Furhat consists of a motorized robotic head that can change its orientation and display different faces through a back projection system and a replaceable physical mask. It can emit speech sounds with customizable voices and use human-like facial expressions. It can also detect humans visually and auditively and interact with them. Its interactions benefit from its conversational capabilities, its customizability and programmability to achieve ad hoc tasks. Furhat has been used in studies related to different aspects of human–robot interaction [27,28].

2.2. Experimental Set-Up

The general outline of the experimental configuration is shown in Figure 2. A dry sensor interface-24 (DSI-24) EEG headset is used to capture brainwave activities through 24 electrodes positioned on the subject’s scalp. The subject participates in a video gaming environment, where they are exposed to both visual and auditory stimuli. Their interaction with this environment is enabled through the use of a gaming controller or a car simulator driving wheel, which allows for active engagement in the video games.
While the subject is deeply engaged in the game, the DSI-24 EEG headset continuously records the brain’s electrical activity. The captured raw EEG data are subsequently transformed into a two-dimensional brain heatmap. This heatmap offers a visual depiction of the brain’s electrical dynamics, effectively illustrating the variations in activity across different regions of the brain in a clear, easily interpretable format. This representation, known as brain topology, provides crucial insights into the spatial distribution and connectivity of brain activity. In this work, the EEG device adheres to the internationally recognized 10–20 system for electrode placement on the scalp. This system delineates specific regions for electrode placement with the following labels: Fp (frontopolar), F (frontal), C (central), P (parietal), O (occipital), T (temporal), and A (auricular, near the ear). Odd-numbered electrodes are positioned on the left side of the scalp, while even-numbered electrodes are located on the right side [29]. The DSI-24 Dry EEG device, featuring 24 channels, is employed, including 21 sensor electrodes at positions Fp1, Fp2, Fz, F3, F4, F7, F8, Cz, C3, C4, T7/T3, T8/T4, Pz, P3, P4, P7/T5, P8/T6, O1, O2, A1, and A2, with an additional Fpz electrode serving as the ground. The electrode placement of the DSI-24 ensures standardized and reproducible measurements of brain activity, as illustrated in Figure 3. Figure 4 shows one of the sensor electrodes of the DSI-24 device, which has a diameter of around 2.5 cm for the outer circle of black pins and a diameter of around 1.5 cm for the inner circle of gray pins. Overall, the electrodes are distributed on the device to fit a wide range of head sizes: from 54 to 62 cm circumference for adults (available: https://wearablesensing.com/wp-content/uploads/2021/12/Wearable-Sensing-DSI-24-Specification-Sheet_s.pdf, accessed on 17 July 2024).
Subsequently, a Support Vector Machine (SVM) classifier [30] is utilized to analyze the EEG heatmap data. This classifier is specifically designed to determine the subject’s cognitive stress level during the gaming experience. Employing sophisticated algorithms, the classifier categorizes stress levels, quantifying the cognitive load experienced by the subject. Concurrently, a large language model (LLM)-enabled Furhat Robot is integrated into the experimental setup. The specific LLM utilized in this work is the Generative Pre-trained Transformer (GPT), known for its advanced natural language processing and generation capabilities. This robot plays a crucial role in guiding the subject through the data acquisition protocol, and also in providing real-time feedback. Based on the machine learning model’s classification outcomes, the Furhat Robot interacts with the subject. It is programmed to issue alerts regarding elevated cognitive stress levels, thus offering immediate monitoring and potential intervention.

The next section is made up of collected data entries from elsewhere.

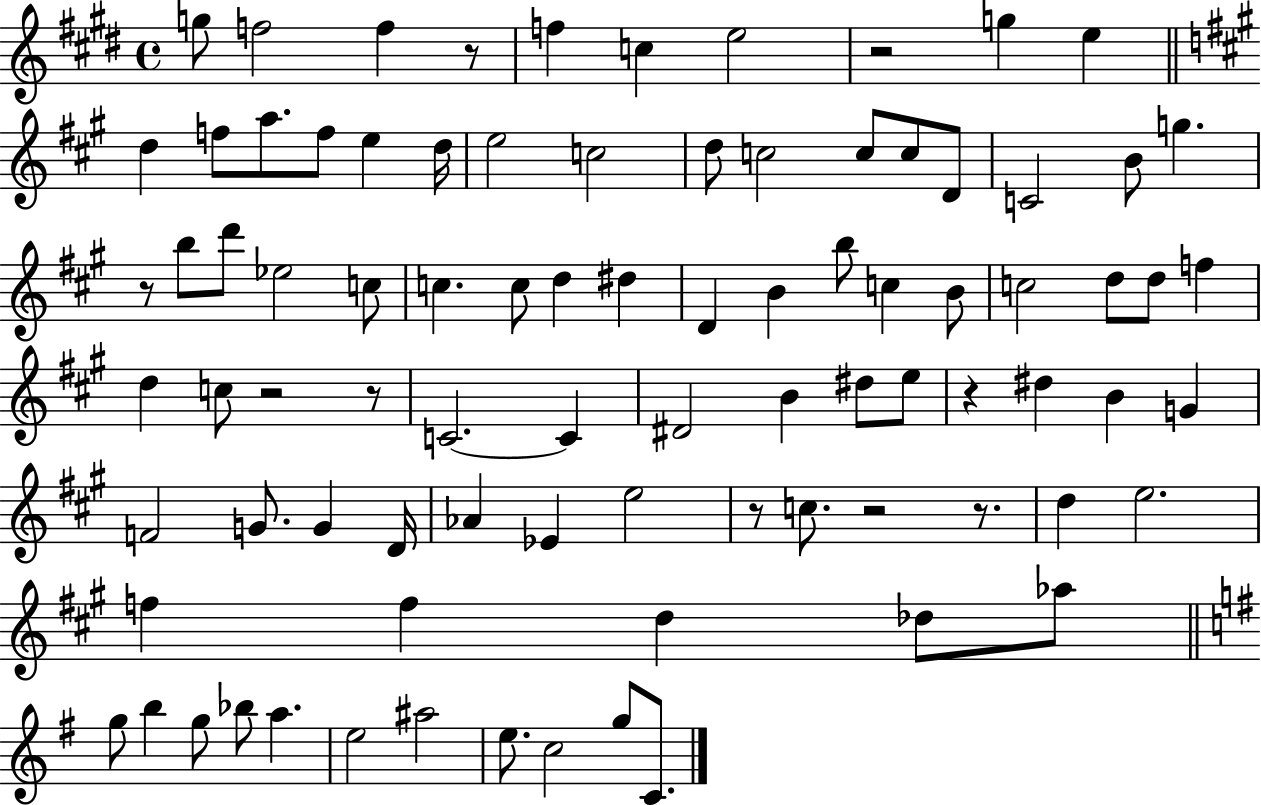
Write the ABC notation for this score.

X:1
T:Untitled
M:4/4
L:1/4
K:E
g/2 f2 f z/2 f c e2 z2 g e d f/2 a/2 f/2 e d/4 e2 c2 d/2 c2 c/2 c/2 D/2 C2 B/2 g z/2 b/2 d'/2 _e2 c/2 c c/2 d ^d D B b/2 c B/2 c2 d/2 d/2 f d c/2 z2 z/2 C2 C ^D2 B ^d/2 e/2 z ^d B G F2 G/2 G D/4 _A _E e2 z/2 c/2 z2 z/2 d e2 f f d _d/2 _a/2 g/2 b g/2 _b/2 a e2 ^a2 e/2 c2 g/2 C/2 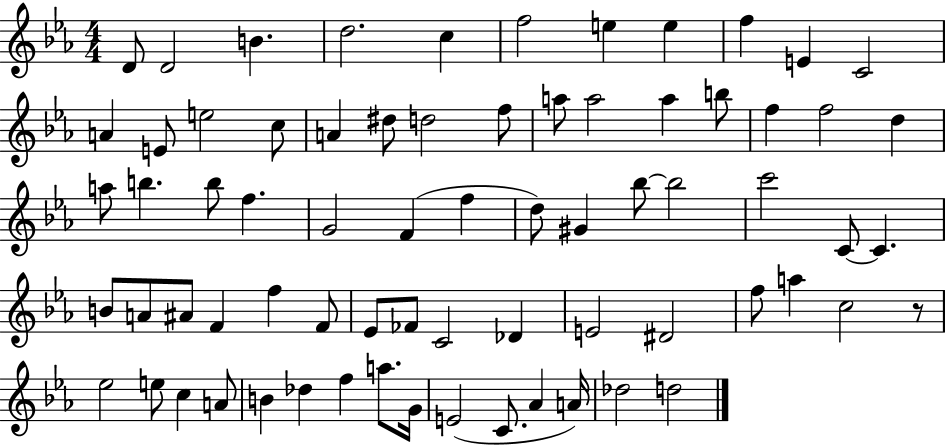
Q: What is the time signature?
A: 4/4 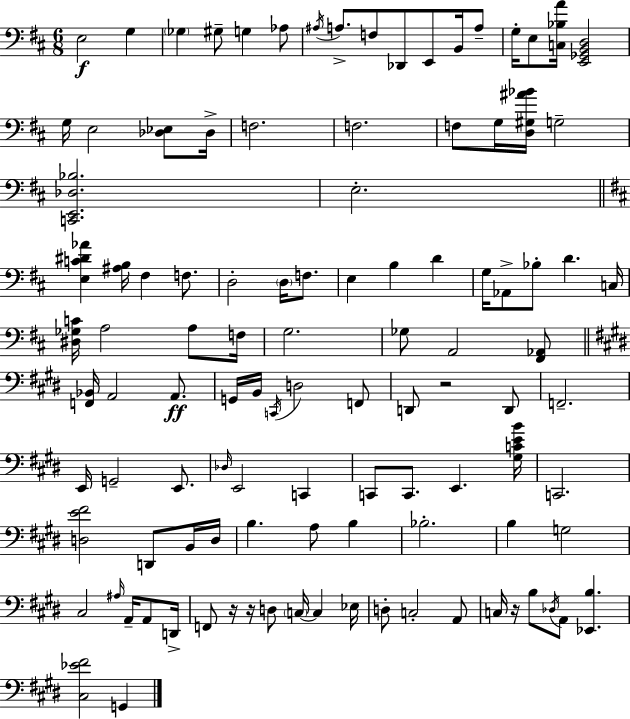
X:1
T:Untitled
M:6/8
L:1/4
K:D
E,2 G, _G, ^G,/2 G, _A,/2 ^A,/4 A,/2 F,/2 _D,,/2 E,,/2 B,,/4 A,/2 G,/4 E,/2 [C,_B,A]/4 [E,,_G,,B,,D,]2 G,/4 E,2 [_D,_E,]/2 _D,/4 F,2 F,2 F,/2 G,/4 [D,^G,^A_B]/4 G,2 [C,,E,,_D,_B,]2 E,2 [E,C^D_A] [^A,B,]/4 ^F, F,/2 D,2 D,/4 F,/2 E, B, D G,/4 _A,,/2 _B,/2 D C,/4 [^D,_G,C]/4 A,2 A,/2 F,/4 G,2 _G,/2 A,,2 [^F,,_A,,]/2 [F,,_B,,]/4 A,,2 A,,/2 G,,/4 B,,/4 C,,/4 D,2 F,,/2 D,,/2 z2 D,,/2 F,,2 E,,/4 G,,2 E,,/2 _D,/4 E,,2 C,, C,,/2 C,,/2 E,, [^G,CEB]/4 C,,2 [D,E^F]2 D,,/2 B,,/4 D,/4 B, A,/2 B, _B,2 B, G,2 ^C,2 ^A,/4 A,,/4 A,,/2 D,,/4 F,,/2 z/4 z/4 D,/2 C,/4 C, _E,/4 D,/2 C,2 A,,/2 C,/4 z/4 B,/2 _D,/4 A,,/2 [_E,,B,] [^C,_E^F]2 G,,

2.3. Data Acquisition Procedure

The process of acquiring EEG data in the system level design involves crucial steps to guarantee the precision and dependability of the recorded brain signals. Initially a thorough cleaning of each electrode is carried out to eliminate any dust or impurities, which is essential for obtaining precise EEG readings. Following this, the EEG electrodes are strategically positioned on the participants head following the recognized DSI 10-20 standardized system to ensure comprehensive coverage of all brain regions. These electrodes capture the impulses of the brain, which are then amplified and converted into digital format by an EEG amplifier in-tandem with a analog-to-digital converter. The use of the amplifier does not only improve signal quality, but also reduces noise due to interference and cross-talk. Once digitized, the EEG signals are sent to a computer system equipped with software for pre-processing and analysis. This configuration enables the real time visualization and recording of the EEG data.
In EEG experiments, adhering to a systematic and standardized method is key to ensure smooth data collection and accurate EEG signal acquisition. This study employs varied stimuli to evoke cognitive stress and test cognitive-motor functions, providing a thorough understanding of brain responses under diverse conditions. This approach enhances the richness of the dataset and deepens insights into brain activity dynamics.
The first stimulus involves a virtual car simulator that is designed to engage participants, in both the learning process and in competitive gaming activities simultaneously. This simulation activates areas in the brain related to motor skills and mental challenges, offering a mix of fun and skill improvement. The second stimulus involves playing PlayStation games like FIFA and Fortnite, selected for their competitive nature. This competitiveness is expected to trigger responses linked to cognitive stress during fast decision making. The third activity is an educational game that tests players with tasks involving information processing, critical thinking, and decision making. This activity aims to engage higher level thinking skills and observe how the brain reacts.
Recruiting volunteers is a part of gathering data. Despite obstacles and the spontaneous nature of volunteer involvement, having a diverse and extensive dataset is crucial. A larger dataset with information significantly boosts the training of machine learning algorithms leading to better accuracy. To that end, in this research work, a total of 43 volunteers were utilized with roles between students, teachers and professors, with an age range from 23 to 45, were recruited. Each volunteer consented to using their brain EEG data in this study. A total of around 10 min were needed to place the DSI 24 EEG headset on each volunteers head for data collection purposes. The recording session utilized a total of 5 to 7 min per volunteer with a duration of 60 s before and after each stimulus. This additional time serves as guard bands and is used to establish a baseline of brain activity, prior-to and immediately proceeding the stimulus activity.

3. Results and Discussion

3.1. Implementation and EEG Measurements

An example of the implemented set-up is shown in Figure 5a, which displays a representative example of a player engaging in the FIFA video game using a controller, with the DSI-24 EEG headset securely positioned on their head. This image captures the typical setup of the gaming environment, highlighting how players interact with the game while their brainwave activity is being monitored. The DSI-24 headset is shown in use, illustrating its fit and placement on the player’s scalp, crucial for accurate EEG data collection. The ChatGPT-enabled Furhat Robot, characterized by its ability to exhibit various facial expressions, is shown in Figure 5b. The robot, designed for interactive communication, is shown in the process of conversing with a participant. This image emphasizes the robot’s advanced features, including its expressive capabilities and integration with the GPT language model, which enables it to provide feedback and guidance based on the EEG data.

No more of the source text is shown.